Sometimes you've got to feel sorry for Sonic Team, the erstwhile Sonic developers. No matter what they do, it seems they can't please everyone at once. While they've been responsible for some of the best Sonic games in recent years, from 3D Wii sensation Sonic Colours, to classic 2D platformers like Sonic Rush on the DS, with every new gimmick they've introduced, the vocal Sonic fans got louder. "Just give us a basic Sonic game", they cried, "With none of this were-hedgehog malarky, or a story of Sonic and his human bridge - just give us a good, old fashioned platform game that lives up to the Sonic name". And in an unusual move for the games industry in general, SEGA listened.

Sonic Mania, then, is a rather unusual experiment. While the guys and girls at Sonic Team beaver away at the upcoming 3D platformer Sonic Forces (the next "main" Sonic title), Sonic Mania is a love letter to the franchise, created by what's essentially a group of its most hardcore fans, who just happen to be programmers, artists, and musicians.
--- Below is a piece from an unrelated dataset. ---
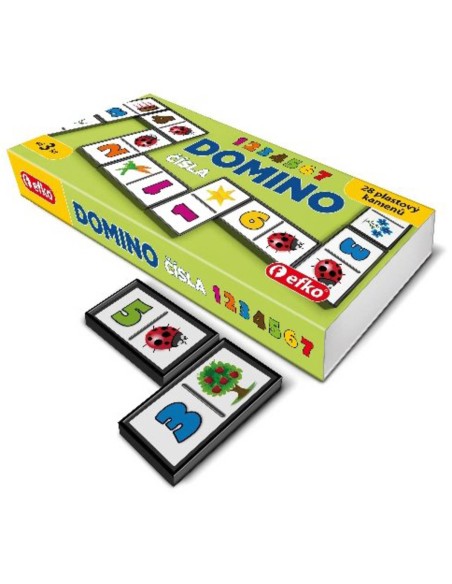 EFKO Hra Domino číslice obrázky a čísla 28 dílků pro malé děti v krabičce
Played in traditional 2D style,  and with visuals that seat it somewhere between the Mega Drive and SEGA Saturn, Sonic Mania is a real blast from Sonic's past - literally.

Sonic Mania Screenshot

Anyone who's played a Sonic game before will recognise some of the stages

Rather than a collection of all new levels, Sonic Mania instead bundles four all new "zones" (or worlds), each consisting of two levels, and eight "remastered" zones from earlier Sonic games. And while the word "remaster" currently seems to just mean giving a game a slight increase in resolution, in Sonic Mania it means something very different, with levels given an entirely new lease of life. While each of the remastered stages may start out similar to the originals, by the end they've each turned into something that feels entirely fresh, with secret areas to discover, new powers and many a new feature mid-level to play around with - like the slime tanks on the Chemical Plant zone. Essentially giant springy bounce pads, you can pour different colours of slime into these tanks to change their colour, with different colour slime letting you bounce higher, and reach new areas. It's also completely packed full of nods to Sonic's past, with even Dr Robotnik's Mean Bean Machine making an appearance.
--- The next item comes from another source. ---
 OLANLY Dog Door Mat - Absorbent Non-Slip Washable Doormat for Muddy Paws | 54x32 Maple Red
As in the earlier Sonic games, Sonic Mania offers you a choice of characters to play as, letting you control either Sonic and Tails together, Sonic or Tails on their own, or Knuckles the Echidna. While playing as Sonic and Tails is the best pick for beginners, as it gives you an extra (computer controlled) body for attacking enemies, or collecting the all important rings, Knuckles is one of the more unusual ones, as his style of play is so very different. While Sonic and Tails blast through levels at top speed, Knuckles can scale vertical walls, letting him take a totally different route through the game's many twisting stages.

Sonic Mania Screenshot

There's a number of new power ups, too - this fire one lets you smash through wooden boxes, or even set fire to oil...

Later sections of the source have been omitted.